March 17, 2011
Illinois Senate President John Cullerton has recently suggested that school districts should begin contributing a larger share of the employer contribution to the Teachers’ Retirement System of the State of Illinois. President Cullerton noted that this change would relieve some of the financial pressure on the State, which has borrowed to make its pension payments for the past two years. He has also stated that it would lead school districts to more carefully consider the effects of their teacher salary negotiations on pension costs and would more closely resemble the pension funding model of the Chicago Public Schools, which receives relatively little State assistance in funding its pension plan.
The Teachers Retirement System (TRS) is a cost-sharing multi-employer defined benefit pension plan for all full-time, part-time and substitute certified public school teachers in Illinois except those who work for the Chicago Board of Education. Chicago Public Schools teachers are members of the separate single-employer Chicago Teachers’ Pension Fund.
TRS is one of the five public retirement systems funded by the State of Illinois. It is the largest of the State pension funds, with 170,275 active members and 97,754 annuitants and beneficiaries receiving benefits. Over $3.9 billion in benefits were paid to annuitants and beneficiaries during FY2010. As of June 30, 2010, TRS had $32.3 billion in assets (market value) and nearly $77.3 billion in accrued liabilities, resulting in total unfunded liabilities of $46.0 billion and a funded ratio of 40.5%. TRS’ unfunded liabilities represent 53.7% of the State’s total $85.6 billion in unfunded pension liabilities (at market value).
Employee members of TRS contribute 9.4% of their pensionable salary to the pension fund. In FY2010 employee contributions totaled $899.4 million. Members may also make additional contributions in order to purchase service credit or to retire with Early Retirement Option benefits if eligible.
Employer contributions are made primarily by the State of Illinois, with smaller contributions made by school districts and the federal government for federally-funded positions. The calculation of these contributions is complex (see the actuarial valuation) but in general, school districts contribute 0.58% of pensionable teacher payroll, plus any additional payments required for members who retire with excessive sick leave credit, Early Retirement Option benefits or salary increases over 6% used in the final average salary calculation. The State’s share of the contribution is calculated as the amount needed to bring the TRS funded ratio to 90% by the end of the year 2045, projected as a level percent of payroll each year.

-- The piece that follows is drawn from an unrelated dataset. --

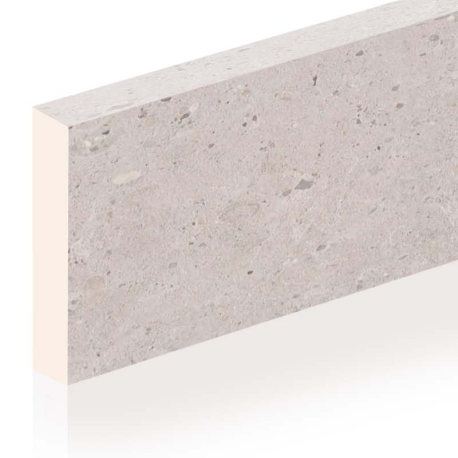 Kunststof plint | 6x240 cm | VYGO Tiles Premium Stone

The State’s cost for the TRS portion of debt service on pension obligation bonds issued in 2003 is subtracted from the amount the State is required contribute. The pension contribution for teachers supported by federal grants is made from those grants at the same payroll rate as the State contribution. The graph below shows the contributions made by the State, employees, school districts and federal funds between FY1995 and FY2010. The State and employees make the bulk of contributions to TRS.
President Cullerton has suggested that school districts be responsible for the “normal cost” of pensions while the State would continue to be responsible for paying down the unfunded liability created by decades of inadequate contributions. “Normal cost” is an actuarially-calculated amount representing that portion of the present value of pension plan benefits and administrative expenses which is allocated to a given valuation year (see the Civic Federation’s Status of Local Pensions report for more detail). “Normal cost” typically refers to the employer’s remaining cost after employee contributions are taken into account. The TRS employer normal cost for FY2011 was calculated by the actuaries at $849.7 million, or 8.77% of payroll, while the portion of the total employer contribution required to amortize the unfunded liability was $1.4 billion, or 16.92% of payroll.  These amounts are calculated using actuarial assumptions and a complex formula needed to project the contribution schedule needed to reach 90% funded in 2045.
If school districts had been required to make the full employer’s normal cost contribution in FY2011 it would have shifted roughly $800 million in costs from the State to school districts depending on how the federal portion of the pension payment was allocated. President Cullerton has stated that the change would be phased in over time if implemented.
An interesting effect of the State’s 50-year projected employer contribution schedule is that the employer’s normal cost actually declines over time while the amortization payment increases dramatically. This is because the schedule allows the unfunded liability to continue to grow until approximately the year 2033 and assumes that employee contributions will continue to be a flat 9.4% of payroll. Employer normal cost even becomes negative in 2036 because employee contributions will be sufficient to cover the total normal cost. Public Act 96-0889 created a reduced tier of pension benefits for new employees but did not reduce the employee pension contribution, so as more employees enter and retire from the new benefit tier their contributions alone will exceed normal cost.
If the State continues to be responsible for amortizing the unfunded liability while school districts become responsible for paying normal cost, the State will still face a significantly growing payment while the school districts’ share will steadily decline according to the current 50-year schedule.